Lovely pics, I think your sister earned her candy:lol:

Don't hate me, but I would love them so much better if you were wearing a helmet, :wink: I know I'm just an old worry wort, and it's just my opinion.


----------



## xxGallopxx (Dec 1, 2011)

Wow!! Adorable pics!! Too bad in KS we don't get any good snows until January through March. ): If we're lucky, we have a white Christmas, but with KS, you NEVER know....


----------



## Wallaby (Jul 13, 2008)

It looks like you guys had so much fun!  I love the pictures, so good.

I'm also impressed by your cantering bareback, I'm so scared to even try it. :lol:

AND, I'm super jealous of your snow. It hasn't even snowed here yet. It makes me really sad since snow is pretty much my most favorite weather circumstance. haha


----------



## equiniphile (Aug 16, 2009)

Thanks, but I still haven't seen any other winter riders post here ;-)

I really should be wearing a helmet, but I tend to leave it off for holiday-type pics.

ETA: It's been a muddy mess here for the last few months, so the snow is a definite relief. Hopefully we'll be having a white Christmas after all!


----------



## Wallaby (Jul 13, 2008)

Since you insist, these are from our single "good" snow last year:




















It was the first time I had ever ridden in snow and it was definitely the best ever.


----------



## xxGallopxx (Dec 1, 2011)

Wallaby...I LOVE YOUR SADDLE!!!! My saddle has a pink seat too! Only the rest of the leather is brown, not black


----------



## usandpets (Jan 1, 2011)

Here's a vid we did a while ago:
Riding in fresh snow - YouTube

Here's another wouldn't recommend others do:
I double dog dare you contest entry - YouTube
_Posted via Mobile Device_


----------



## Artemis (Apr 27, 2010)

I love riding bareback in the winter =)
Too bad we have had way too much snow past years to go out on the fealds.
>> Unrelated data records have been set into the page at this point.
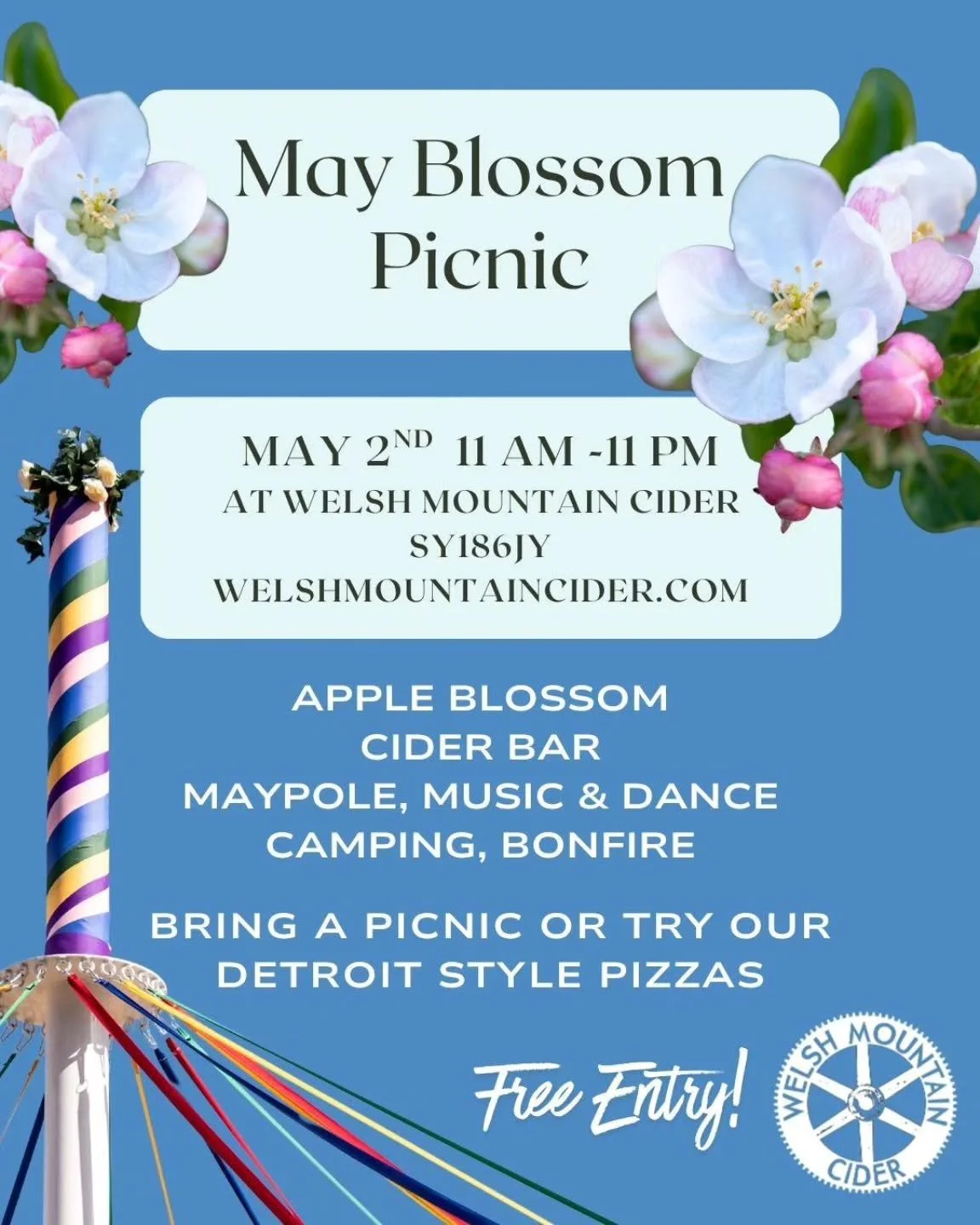 Join us for a Spring celebration. 
Apple blossom,  May Pole, dancing, music,  food, cider and more.
Sat 2nd May 11 am - 11 pm.
Welsh Mountain Cider SY186JY 
Free entry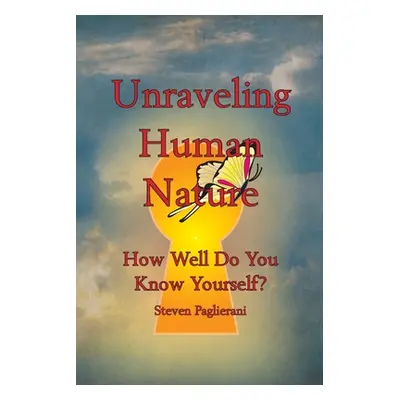 "Unraveling Human Nature (How well do you know yourself?)" - "" ("Paglierani Steven")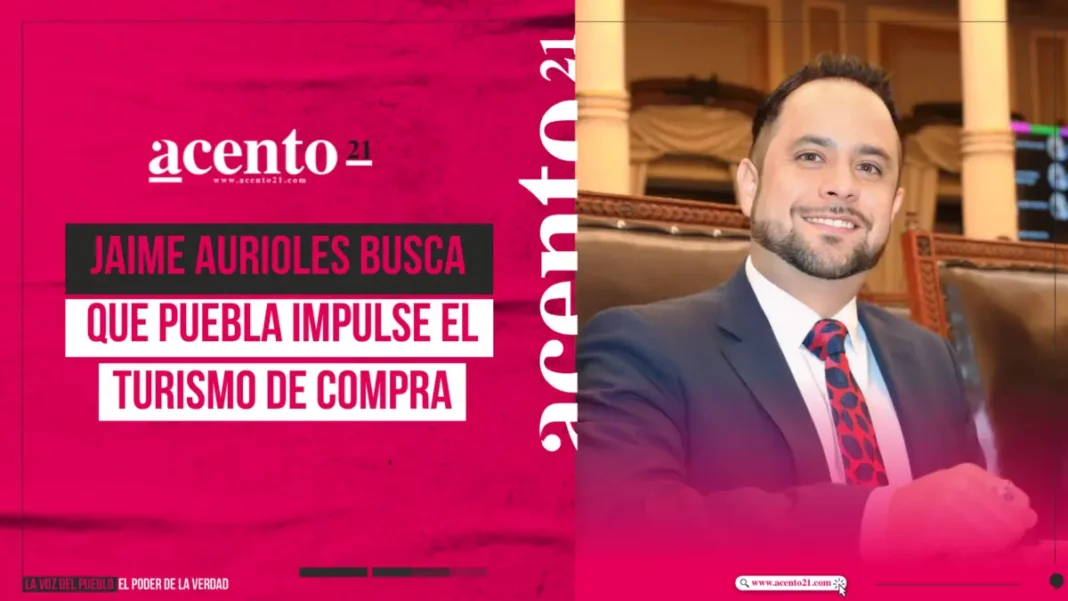 Jaime Aurioles busca que Puebla impulse el turismo de compra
But here are some pictures I have of me riding in snow =)


----------



## AngieLee (Feb 20, 2011)

This is my first full winter with my horse 
Cody and myself:


----------



## grayshell38 (Mar 9, 2009)

Well, another member of the forum came and took some photos of me and my group last winter, so I have those. I had only had Thelma for a couple months at that point, and it was my third ride on her outside the pasture. Since I'm in N. Dakota for a few months I won't get any winter riding in at all this year. :-(


----------



## AvasMom (Apr 27, 2010)

Beautiful photos, winter pictures are the best!


----------



## Country Woman (Dec 14, 2011)

I love your winter pictures 
I loved riding in the snow also
have no pictures so I cam load them


----------



## Golden Horse (Feb 20, 2010)

Well seeing as we are sharing, no prizes for artistic merit, but hopefully bonus points for it being very cold!


----------



## Country Woman (Dec 14, 2011)

I love your snowy pictures


----------



## equiniphile (Aug 16, 2009)

Great pictures, guys!


----------